Outlays in other areas of the budget declined significantly.
- The government received $14 billion more in payments from Fannie Mae and Freddie Mac this year than it did last year. The two entities made quarterly payments to the Treasury in December, March, June, and September. Those payments, which are included in the “Other” category in the table below, are recorded as offsets to spending and thus reduce net outlays.
- Outlays for the Department of Agriculture (also included in the “Other” category) decreased by $10 billion, primarily because the department made downward revisions in August 2017 to the estimated net subsidy costs of loans and loan guarantees issued in prior years, whereas in August 2016, it made upward revisions.
Spending for other programs and activities increased or decreased by smaller amounts. Overall, revisions to the net subsidy costs of loans and loan guarantees made in previous years account for about $50 billion of the increase in outlays for fiscal year 2017.
Estimated Surplus in September 2017: $6 Billion
In CBO’s estimation, the federal government realized a surplus of $6 billion in September 2017—$28 billion less than the surplus last year.
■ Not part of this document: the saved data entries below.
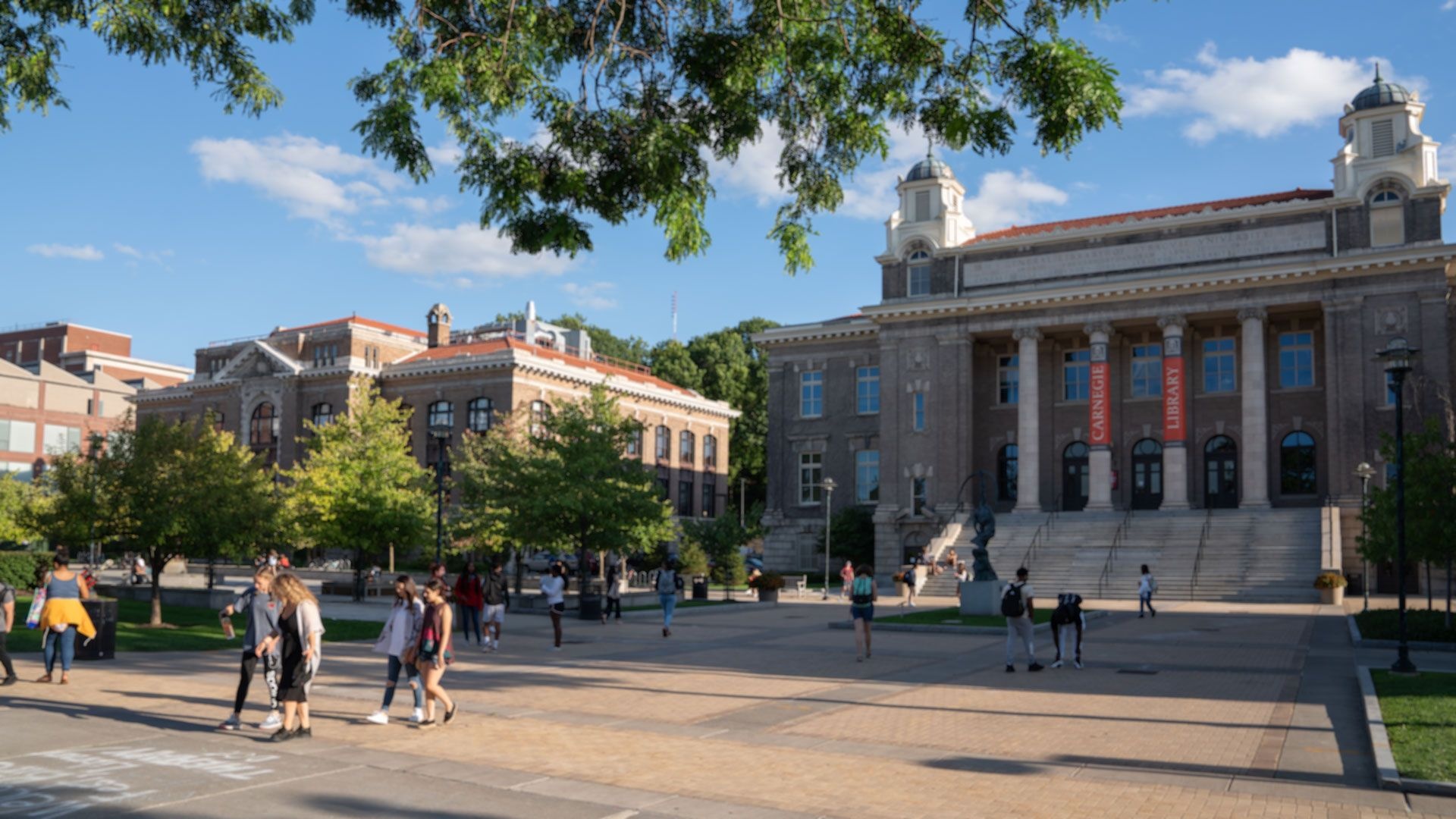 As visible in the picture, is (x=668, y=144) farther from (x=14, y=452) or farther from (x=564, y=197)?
(x=14, y=452)

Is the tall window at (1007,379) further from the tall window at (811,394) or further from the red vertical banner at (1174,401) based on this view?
the tall window at (811,394)

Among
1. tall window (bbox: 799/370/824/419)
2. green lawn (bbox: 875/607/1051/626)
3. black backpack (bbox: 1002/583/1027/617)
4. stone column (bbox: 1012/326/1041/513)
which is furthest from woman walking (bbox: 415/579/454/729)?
tall window (bbox: 799/370/824/419)

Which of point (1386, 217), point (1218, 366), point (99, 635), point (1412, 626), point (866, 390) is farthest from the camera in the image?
point (866, 390)

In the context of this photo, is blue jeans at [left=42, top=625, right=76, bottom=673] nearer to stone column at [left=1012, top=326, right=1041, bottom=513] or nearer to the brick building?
stone column at [left=1012, top=326, right=1041, bottom=513]

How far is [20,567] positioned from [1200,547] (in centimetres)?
4179

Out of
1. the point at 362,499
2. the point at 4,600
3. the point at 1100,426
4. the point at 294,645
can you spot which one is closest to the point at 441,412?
the point at 362,499

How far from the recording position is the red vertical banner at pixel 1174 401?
2000 inches

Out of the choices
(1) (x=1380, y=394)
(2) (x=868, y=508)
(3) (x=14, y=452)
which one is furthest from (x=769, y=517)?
(3) (x=14, y=452)

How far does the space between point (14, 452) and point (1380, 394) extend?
3601 inches

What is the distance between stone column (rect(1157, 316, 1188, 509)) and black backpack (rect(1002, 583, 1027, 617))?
114ft

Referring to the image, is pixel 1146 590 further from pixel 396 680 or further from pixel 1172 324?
pixel 396 680

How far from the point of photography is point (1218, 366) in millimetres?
53125

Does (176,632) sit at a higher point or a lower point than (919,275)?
lower

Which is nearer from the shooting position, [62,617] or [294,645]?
[294,645] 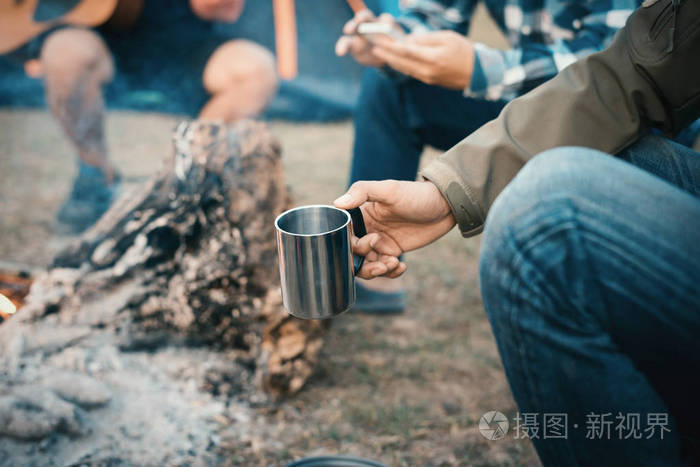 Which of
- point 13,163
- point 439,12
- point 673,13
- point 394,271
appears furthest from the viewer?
point 13,163

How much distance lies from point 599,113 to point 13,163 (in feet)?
13.0

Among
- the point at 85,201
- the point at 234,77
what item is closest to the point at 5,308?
the point at 85,201

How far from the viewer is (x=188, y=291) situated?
1666 millimetres

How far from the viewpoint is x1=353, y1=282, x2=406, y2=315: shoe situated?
2217mm

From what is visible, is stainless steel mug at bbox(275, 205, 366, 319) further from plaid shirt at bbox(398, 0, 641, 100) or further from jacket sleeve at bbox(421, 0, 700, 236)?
plaid shirt at bbox(398, 0, 641, 100)

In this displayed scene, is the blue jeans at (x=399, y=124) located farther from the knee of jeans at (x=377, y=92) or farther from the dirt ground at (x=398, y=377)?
the dirt ground at (x=398, y=377)

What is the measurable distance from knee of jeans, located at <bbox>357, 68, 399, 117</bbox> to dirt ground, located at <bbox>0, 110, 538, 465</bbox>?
701 mm

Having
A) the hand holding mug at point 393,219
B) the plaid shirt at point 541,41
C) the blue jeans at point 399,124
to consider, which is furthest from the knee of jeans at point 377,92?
the hand holding mug at point 393,219

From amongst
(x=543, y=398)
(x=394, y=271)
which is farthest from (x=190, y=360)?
(x=543, y=398)

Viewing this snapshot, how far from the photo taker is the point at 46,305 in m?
1.65

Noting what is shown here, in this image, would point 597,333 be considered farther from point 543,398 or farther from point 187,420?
point 187,420

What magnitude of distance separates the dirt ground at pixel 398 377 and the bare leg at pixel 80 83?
18.4 inches

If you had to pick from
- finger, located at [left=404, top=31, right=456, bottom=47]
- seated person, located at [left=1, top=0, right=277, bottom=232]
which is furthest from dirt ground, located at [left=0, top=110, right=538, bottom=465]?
finger, located at [left=404, top=31, right=456, bottom=47]

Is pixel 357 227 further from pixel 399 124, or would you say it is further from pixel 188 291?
pixel 399 124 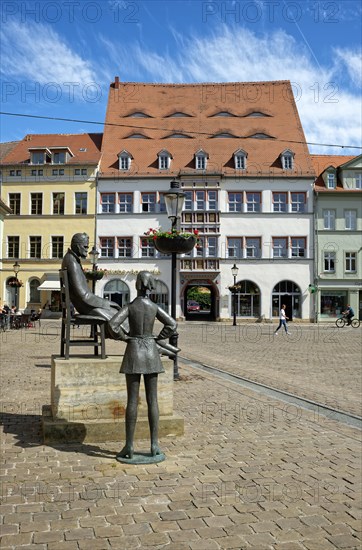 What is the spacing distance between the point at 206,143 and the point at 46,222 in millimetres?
14475

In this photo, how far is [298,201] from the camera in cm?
4334

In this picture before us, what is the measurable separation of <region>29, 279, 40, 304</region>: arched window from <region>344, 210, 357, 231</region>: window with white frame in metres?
24.5

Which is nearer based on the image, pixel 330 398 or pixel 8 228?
pixel 330 398

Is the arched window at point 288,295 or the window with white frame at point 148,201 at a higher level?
the window with white frame at point 148,201

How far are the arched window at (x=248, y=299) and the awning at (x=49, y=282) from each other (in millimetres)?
13475

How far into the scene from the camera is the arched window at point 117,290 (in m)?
43.7

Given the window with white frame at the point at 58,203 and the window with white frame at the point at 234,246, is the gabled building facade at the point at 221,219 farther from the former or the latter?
the window with white frame at the point at 58,203

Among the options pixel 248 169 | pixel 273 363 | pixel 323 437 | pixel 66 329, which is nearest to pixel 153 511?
pixel 66 329

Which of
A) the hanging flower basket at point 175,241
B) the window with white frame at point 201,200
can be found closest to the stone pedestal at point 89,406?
the hanging flower basket at point 175,241

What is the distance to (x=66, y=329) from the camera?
21.5 ft

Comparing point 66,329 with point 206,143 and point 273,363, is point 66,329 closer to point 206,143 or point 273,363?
point 273,363

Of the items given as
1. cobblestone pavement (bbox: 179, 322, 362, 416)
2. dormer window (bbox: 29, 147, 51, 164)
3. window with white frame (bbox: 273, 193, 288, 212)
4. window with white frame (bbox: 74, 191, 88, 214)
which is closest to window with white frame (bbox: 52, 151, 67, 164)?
dormer window (bbox: 29, 147, 51, 164)

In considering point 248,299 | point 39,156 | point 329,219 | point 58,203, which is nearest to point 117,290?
point 58,203

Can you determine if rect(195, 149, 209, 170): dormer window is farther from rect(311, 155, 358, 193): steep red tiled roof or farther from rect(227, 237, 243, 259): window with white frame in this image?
rect(311, 155, 358, 193): steep red tiled roof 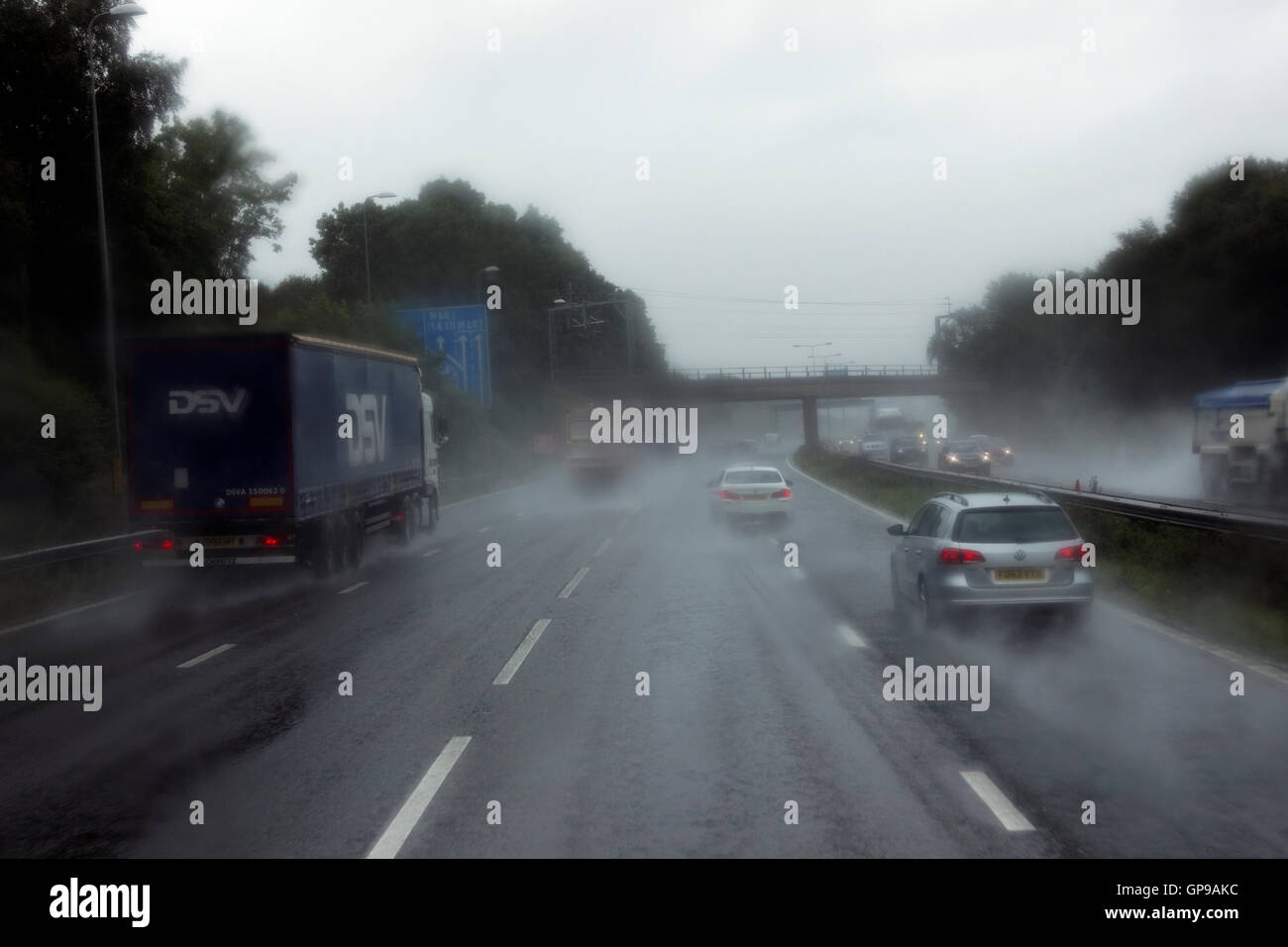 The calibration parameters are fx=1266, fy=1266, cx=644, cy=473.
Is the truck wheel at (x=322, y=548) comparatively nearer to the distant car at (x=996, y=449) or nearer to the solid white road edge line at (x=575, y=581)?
the solid white road edge line at (x=575, y=581)

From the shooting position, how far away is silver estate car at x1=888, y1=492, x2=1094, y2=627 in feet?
42.2

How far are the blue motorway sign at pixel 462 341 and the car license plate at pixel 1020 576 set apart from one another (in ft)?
114

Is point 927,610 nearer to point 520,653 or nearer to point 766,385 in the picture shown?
point 520,653

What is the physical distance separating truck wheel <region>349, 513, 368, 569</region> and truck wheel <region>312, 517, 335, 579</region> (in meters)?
1.37

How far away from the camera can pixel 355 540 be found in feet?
72.9

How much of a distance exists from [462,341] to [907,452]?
29436 mm

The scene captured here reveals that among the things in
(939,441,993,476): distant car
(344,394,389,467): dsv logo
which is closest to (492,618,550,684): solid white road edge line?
(344,394,389,467): dsv logo

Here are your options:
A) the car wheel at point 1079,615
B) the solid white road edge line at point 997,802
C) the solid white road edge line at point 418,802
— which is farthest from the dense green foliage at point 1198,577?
the solid white road edge line at point 418,802

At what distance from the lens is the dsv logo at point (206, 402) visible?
18.8 m

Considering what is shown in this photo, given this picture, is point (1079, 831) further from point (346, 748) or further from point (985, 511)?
point (985, 511)

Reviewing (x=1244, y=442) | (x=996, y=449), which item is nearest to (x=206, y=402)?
(x=1244, y=442)

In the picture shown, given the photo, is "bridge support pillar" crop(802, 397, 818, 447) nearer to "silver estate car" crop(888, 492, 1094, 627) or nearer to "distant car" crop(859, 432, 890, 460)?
"distant car" crop(859, 432, 890, 460)

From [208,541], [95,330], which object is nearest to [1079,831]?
[208,541] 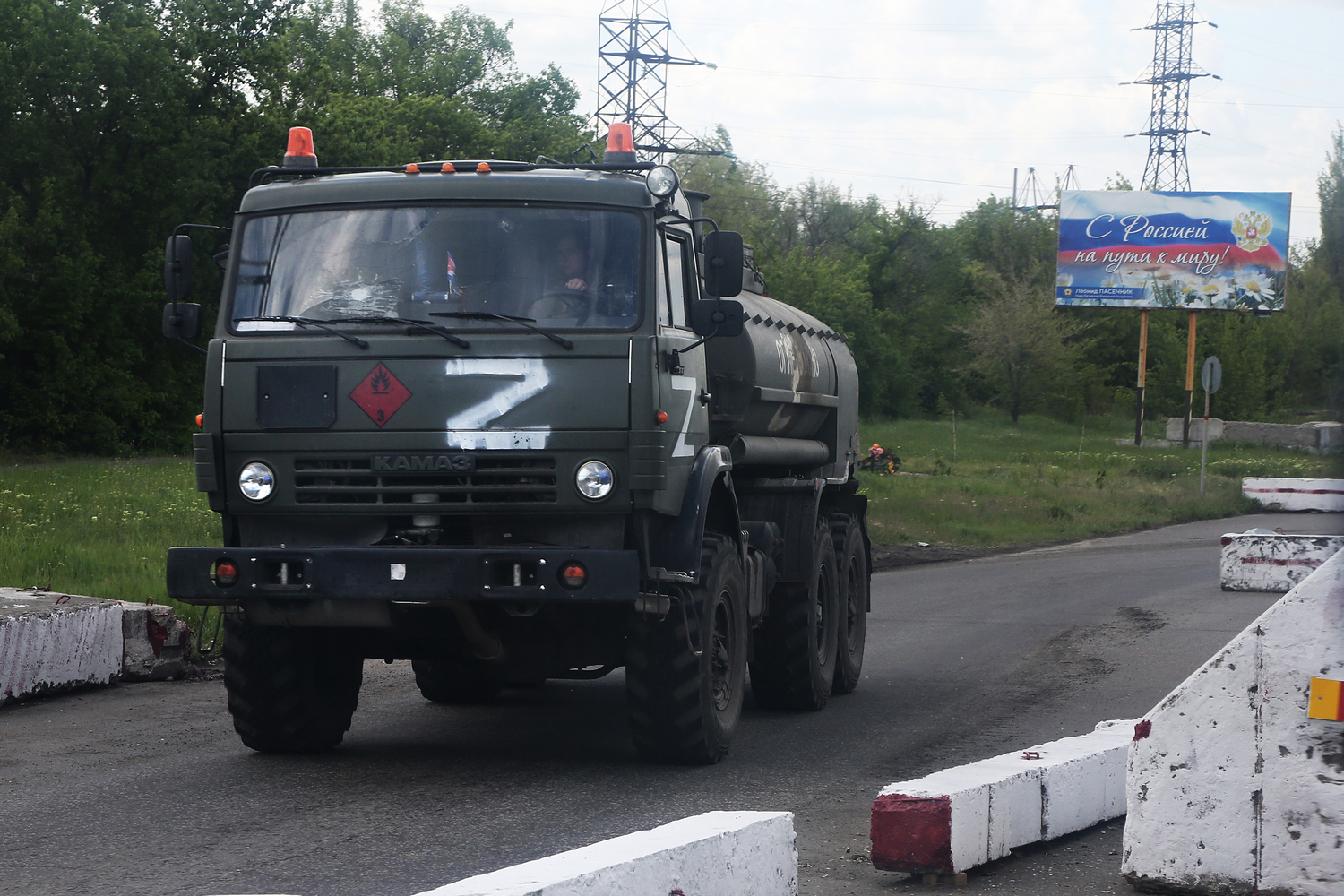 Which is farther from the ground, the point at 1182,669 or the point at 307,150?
the point at 307,150

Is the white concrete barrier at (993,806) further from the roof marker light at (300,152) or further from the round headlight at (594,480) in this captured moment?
the roof marker light at (300,152)

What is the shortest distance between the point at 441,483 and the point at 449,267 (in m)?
1.04

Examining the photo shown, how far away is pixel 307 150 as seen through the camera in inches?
315

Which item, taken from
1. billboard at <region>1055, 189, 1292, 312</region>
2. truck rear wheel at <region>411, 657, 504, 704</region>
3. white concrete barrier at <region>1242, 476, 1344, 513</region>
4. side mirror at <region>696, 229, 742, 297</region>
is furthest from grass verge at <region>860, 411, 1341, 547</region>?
side mirror at <region>696, 229, 742, 297</region>

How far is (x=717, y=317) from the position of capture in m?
7.69

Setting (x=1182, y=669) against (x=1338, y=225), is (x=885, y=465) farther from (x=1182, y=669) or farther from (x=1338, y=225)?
(x=1338, y=225)

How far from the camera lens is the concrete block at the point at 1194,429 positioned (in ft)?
166

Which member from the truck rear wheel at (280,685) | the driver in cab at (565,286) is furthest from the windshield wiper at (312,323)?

CBO estimates that receipts in September 2017 totaled $348 billion—$9 billion (or 2 percent) less than those in the same month last year. That overall decline was largely the result of an $11 billion decline in excise tax receipts. Those receipts fell because of the current one-year moratorium on a tax imposed on health insurance providers, which normally would have been paid in September. Receipts of corporate income taxes, which included the third quarterly estimated payment for 2017, declined by $4 billion (or 5 percent). Receipts from all other sources rose by $6 billion, on net.
Total spending in September 2017 was $342 billion, CBO estimates—$19 billion more than spending in September 2016. If not for timing shifts, outlays in September would have been $16 billion (or 6 percent) more than they were in the same month last year. (The changes discussed below reflect adjustments to remove the effects of those shifts.)
According to CBO’s estimates, the largest changes in outlays were the following:
- Outlays for Medicare increased by $6 billion, largely because reconciliation payments typically made to Medicare Advantage plans in August were delayed until September this year. (Reconciliation payments are made annually to account for unanticipated spending increases in the previous calendar year.)
- Outlays for net interest on the public debt increased by $4 billion.
- Outlays for the Department of Education increased by $4 billion because of increased spending for student loans.
- Spending for military activities of the Department of Defense decreased by $3 billion.
Spending for other programs and activities increased or decreased by smaller amounts.
Actual Deficit in August 2017: $108 Billion
The Treasury Department reported a deficit of $108 billion for August—$1 billion less than CBO estimated last month, on the basis of the Daily Treasury Statements, in the Monthly Budget Review for August 2017.